• _EXERCISE REQUIREMENTS_: What is needed is an exact repeat of the lines from the one holding "Thumbnail: 2018 Chevrolet Equinox - 16" through the final line of the data, with no pictures.

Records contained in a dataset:
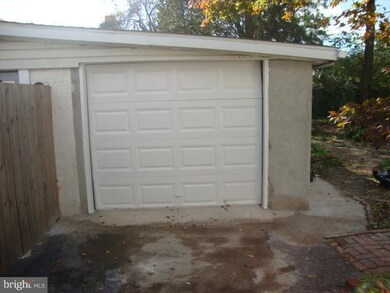 813 Glass Ave, Essex, MD 21221 - photo 2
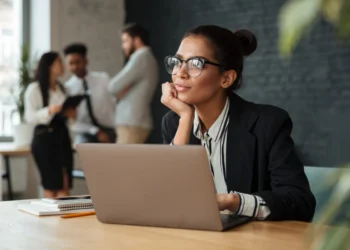 Profissional dá uma pausa no trabalho e reflete sobre ser freelancer ou CLT.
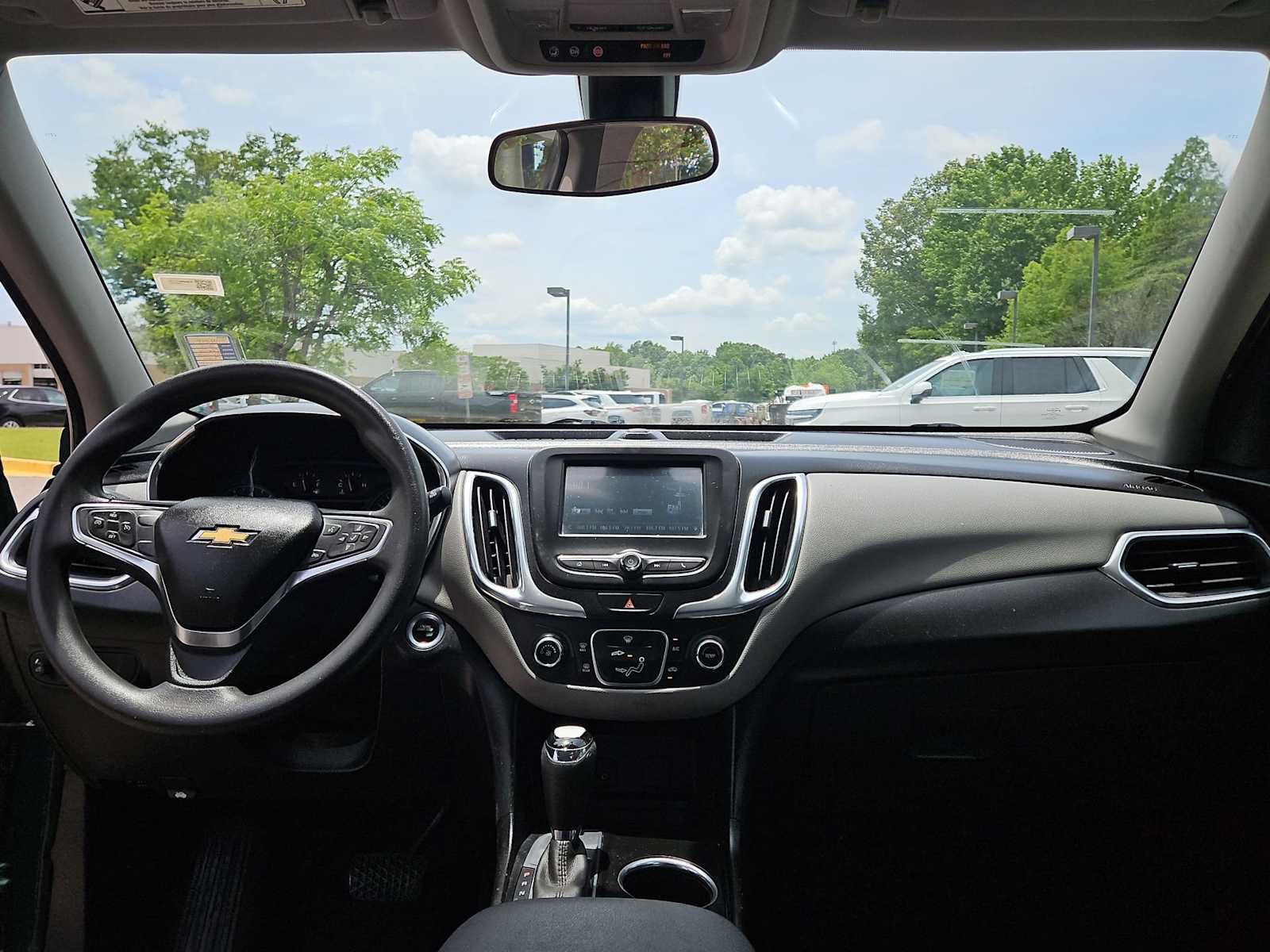Thumbnail: 2018 Chevrolet Equinox - 16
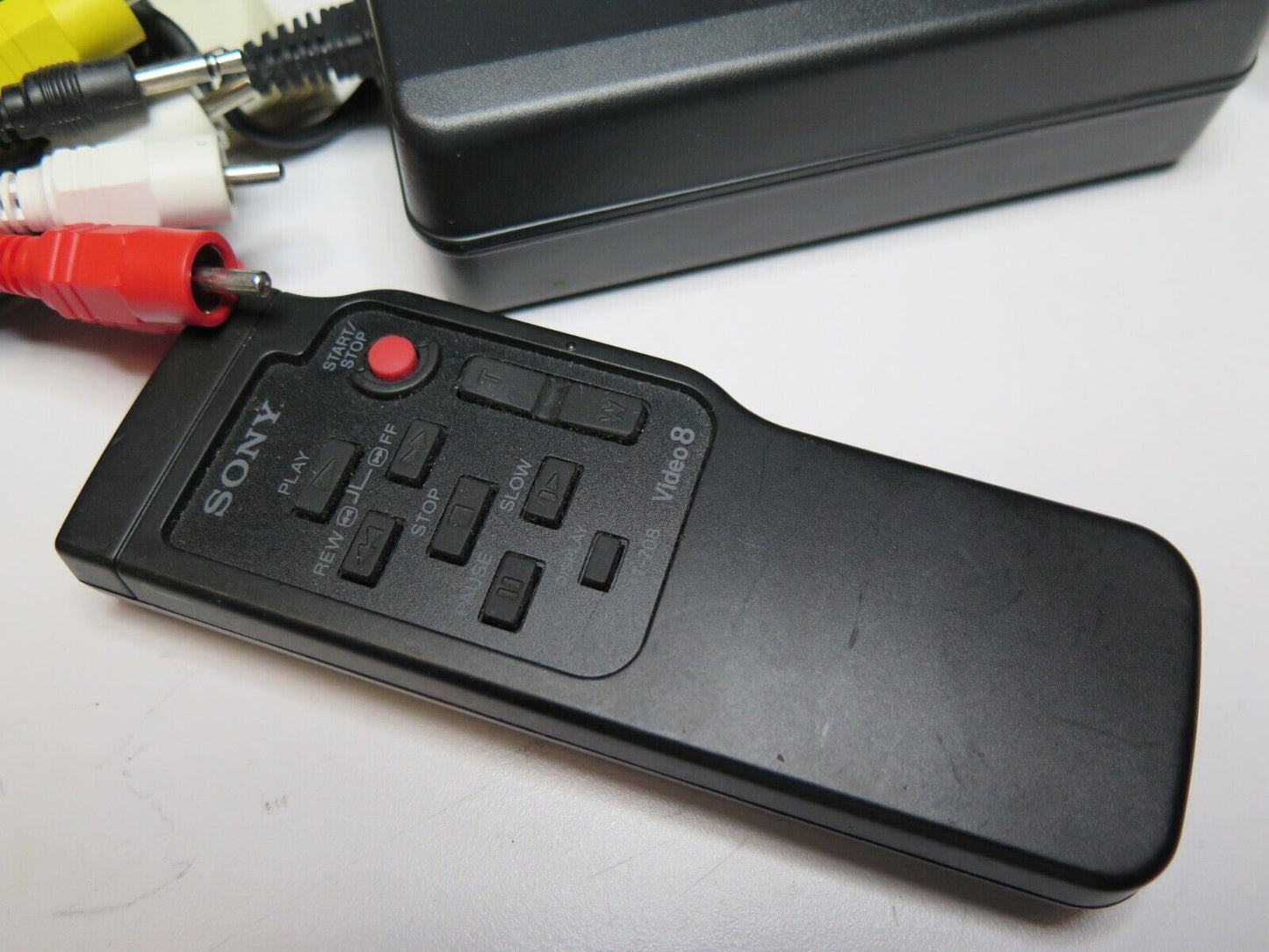 Sony CCD-TRV66 HI8 8mm Video8 Stereo Camera Camcorder VCR Player Video Transfer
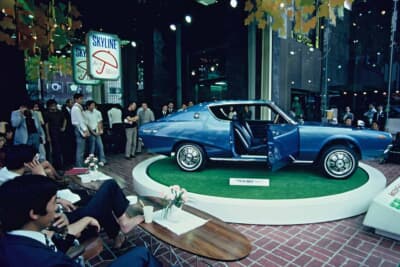 当時のショールーム展示の様子。「ケンとメリーのスカイライン」キャンペーンは社会現象を巻き起こした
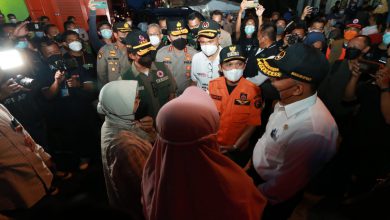 Photo of Polda Jatim Kerahkan Pasukan dari Berbagai Unsur Bantu Korban Erupsi Semeru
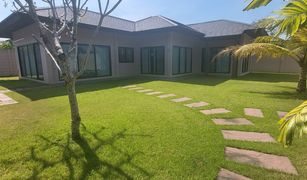 Вилла, 3 спальни на продажу в Huai Yai, Паттайя Baan Pattaya 5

• _TASK RESULT_:
Thumbnail: 2018 Chevrolet Equinox - 16
 Sony CCD-TRV66 HI8 8mm Video8 Stereo Camera Camcorder VCR Player Video Transfer
 当時のショールーム展示の様子。「ケンとメリーのスカイライン」キャンペーンは社会現象を巻き起こした
 Photo of Polda Jatim Kerahkan Pasukan dari Berbagai Unsur Bantu Korban Erupsi Semeru
 Вилла, 3 спальни на продажу в Huai Yai, Паттайя Baan Pattaya 5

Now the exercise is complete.